In what will be a very stop-start week on the continent, with various bank holidays spread across Wednesday and Thursday in Europe, it is up to our very Bank of England (BoE), to make the headlines, as the central bank reports its latest base rate decision. Widely expected to keep rates where they are at 5.25%, investors will be focusing on the accompanying report and press conference for forward guidance on when and how much the bank will be looking to cut rates by as the year progresses. Whilst we may not get definitive answers to these questions, consistently falling inflation and weak economic growth have laid a path for the bank to start preparing to cut later in the year and so any hints dropped could have an amplified impact on markets.
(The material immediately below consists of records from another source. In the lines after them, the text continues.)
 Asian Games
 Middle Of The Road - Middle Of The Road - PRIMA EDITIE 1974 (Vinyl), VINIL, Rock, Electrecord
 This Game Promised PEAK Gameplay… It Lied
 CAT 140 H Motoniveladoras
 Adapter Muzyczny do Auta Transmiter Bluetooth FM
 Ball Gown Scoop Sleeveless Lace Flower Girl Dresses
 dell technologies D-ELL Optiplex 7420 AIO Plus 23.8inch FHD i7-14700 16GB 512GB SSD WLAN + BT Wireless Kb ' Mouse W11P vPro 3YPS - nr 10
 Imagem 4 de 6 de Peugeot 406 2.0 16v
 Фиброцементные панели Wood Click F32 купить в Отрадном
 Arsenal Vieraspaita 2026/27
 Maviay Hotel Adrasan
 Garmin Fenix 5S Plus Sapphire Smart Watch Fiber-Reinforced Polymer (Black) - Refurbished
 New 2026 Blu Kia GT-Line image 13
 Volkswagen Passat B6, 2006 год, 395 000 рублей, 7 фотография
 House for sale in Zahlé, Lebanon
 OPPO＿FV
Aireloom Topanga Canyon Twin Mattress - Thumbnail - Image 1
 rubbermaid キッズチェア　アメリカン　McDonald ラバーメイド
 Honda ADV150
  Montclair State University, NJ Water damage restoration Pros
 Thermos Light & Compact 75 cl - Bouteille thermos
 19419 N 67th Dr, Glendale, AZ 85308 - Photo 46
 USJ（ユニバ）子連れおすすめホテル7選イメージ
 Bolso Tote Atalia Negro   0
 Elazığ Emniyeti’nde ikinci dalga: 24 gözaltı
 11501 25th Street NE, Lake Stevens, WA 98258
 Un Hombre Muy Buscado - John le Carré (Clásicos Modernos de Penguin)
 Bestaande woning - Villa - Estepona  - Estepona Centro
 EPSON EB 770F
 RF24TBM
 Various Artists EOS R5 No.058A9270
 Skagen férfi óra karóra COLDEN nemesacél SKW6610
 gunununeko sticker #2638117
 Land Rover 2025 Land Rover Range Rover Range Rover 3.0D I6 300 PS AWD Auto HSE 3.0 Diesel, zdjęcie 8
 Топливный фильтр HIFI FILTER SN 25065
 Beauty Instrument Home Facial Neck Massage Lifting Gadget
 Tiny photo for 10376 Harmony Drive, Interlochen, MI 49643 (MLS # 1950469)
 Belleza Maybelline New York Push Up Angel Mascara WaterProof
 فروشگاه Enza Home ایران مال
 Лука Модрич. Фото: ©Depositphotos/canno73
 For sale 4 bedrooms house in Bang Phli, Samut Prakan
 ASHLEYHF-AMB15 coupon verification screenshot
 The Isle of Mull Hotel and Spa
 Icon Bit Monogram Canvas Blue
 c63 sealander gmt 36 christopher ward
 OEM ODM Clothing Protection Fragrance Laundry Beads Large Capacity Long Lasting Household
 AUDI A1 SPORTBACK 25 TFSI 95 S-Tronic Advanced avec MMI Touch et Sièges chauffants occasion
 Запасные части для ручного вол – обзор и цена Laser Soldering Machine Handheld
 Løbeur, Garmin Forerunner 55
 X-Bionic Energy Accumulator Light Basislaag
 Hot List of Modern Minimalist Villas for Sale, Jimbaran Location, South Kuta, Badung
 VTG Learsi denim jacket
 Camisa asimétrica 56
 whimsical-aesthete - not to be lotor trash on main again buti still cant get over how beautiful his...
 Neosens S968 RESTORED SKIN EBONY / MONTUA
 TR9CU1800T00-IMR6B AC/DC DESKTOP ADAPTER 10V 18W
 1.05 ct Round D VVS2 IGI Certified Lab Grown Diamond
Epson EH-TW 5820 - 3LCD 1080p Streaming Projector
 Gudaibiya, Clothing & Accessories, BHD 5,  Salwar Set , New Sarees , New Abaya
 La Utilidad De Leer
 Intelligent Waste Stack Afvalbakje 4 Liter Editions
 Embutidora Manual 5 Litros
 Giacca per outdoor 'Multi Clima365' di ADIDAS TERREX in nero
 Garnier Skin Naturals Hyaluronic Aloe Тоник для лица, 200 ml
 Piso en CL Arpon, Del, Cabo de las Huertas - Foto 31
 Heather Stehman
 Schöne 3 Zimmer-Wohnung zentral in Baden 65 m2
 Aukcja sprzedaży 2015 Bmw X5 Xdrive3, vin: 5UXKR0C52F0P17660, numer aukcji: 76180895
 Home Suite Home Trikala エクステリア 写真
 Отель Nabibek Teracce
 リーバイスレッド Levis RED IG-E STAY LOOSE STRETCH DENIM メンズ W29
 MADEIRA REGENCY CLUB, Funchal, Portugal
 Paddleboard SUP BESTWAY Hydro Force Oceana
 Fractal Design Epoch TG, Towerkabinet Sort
Hot on the heels of the BoE’s rate decision, we also get UK Gross Domestic Product (GDP) figures the next day, acting as the broadest measure of economic activity. With the UK having slipped into a technical recession towards the end of 2023, as defined by two consecutive declines in quarterly GDP, the coming data preliminary quarterly data for the January to March of 2024 is widely expected to show the domestic economy has returned to growth, giving investors plenty to celebrate at both the beginning and end of the week.
The information in this blog or any response to comments should not be regarded as financial advice. If you are unsure of any of the terminology used, you should seek financial advice. Remember that the value of investments can go down as well as up, and could be worth less than what was paid in. The information is based on our understanding as at 03 May 2024.